Policing hole getting deeper?

Brian Feeney believes Sinn Fein is justified in maintaining its arms length policy regarding the police, and hints that the government’s move to put the intelligence operation into the hands of MI5 could put another ‘comprehensive agreement’ on a very long finger.

  • Shore Road Resident

    Another surprising poor effort by Mr Feeney.

    “Joining the Policing Board before the legislation is through Westminster would be like going to the bookies to collect your winnings with your horse in the final furlong of a steeplechase.”

    …or like letting the prisoners out before decommissioning, or like setting up the executive before obtaining a commitment to exclusively peaceful means, or like inviting people onto the Policing Board before they’ve endorsed the police…

    I’m afraid that Mr Feeney put very little thought and no analysis into this article. It might as well have been faxed over from the Sinn Fein press office. Frankly, he isn’t earning his keep as a commentator with this sort of stuff. The party line is already avaiable for free.

  • It’s strange argument from Brian Feeney, although strictly speaking it’s not an argument – more of a ‘Gerry’s right!’ piece.

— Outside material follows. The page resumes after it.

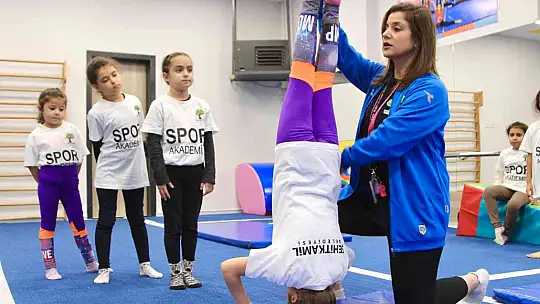 Hem spor yapıyor hem de çocuklarına örnek oluyorlar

    Waiting until legislation is passed before joining the Police Board was Adams’ line at the weekend.. and in the interview he gave to the BBC before that he indicated an even longer wait – as noted here

    Because it’s not the NI (Miscellaneous Provisions) Bill that Adams is talking about, it’s the secondary legislation that is, perhaps eventually, to follow it. And as the Miscellaneous Bill points out that requires the Assembly to vote in favour of devolving policing and justice powers first.. and to agree the way those powers are to be exercised.. in other words, what Adams proposes as his party’s strategy is, in fact, stalemate.

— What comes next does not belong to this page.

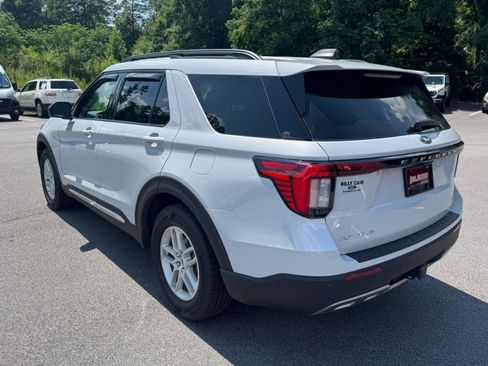 Used 2025 Ford Explorer Active w/ Active Comfort Package RWD image 7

    It also, interestingly, tallies very closely to the scenario set out by Vincent Browne, back in July last year – in his “ball of smoke” article

  • Chris Donnelly

    Feeney is, once again, spot on in his analysis of where nationalists stand on policing.

    It is normal for many media outlets here to present the Policing issue as one of Sinn Fein intransigence running contrary to wider nationalist opinion, as if republicans are somehow spoiling the enthusiasm within the nationalist community for the PSNI.

    The truth is, however, somewhat different. There remains a large chasm between nationalists and the PSNI: the continued endorsement of Sinn Fein’s stance on policing at the polling booths is testament to this.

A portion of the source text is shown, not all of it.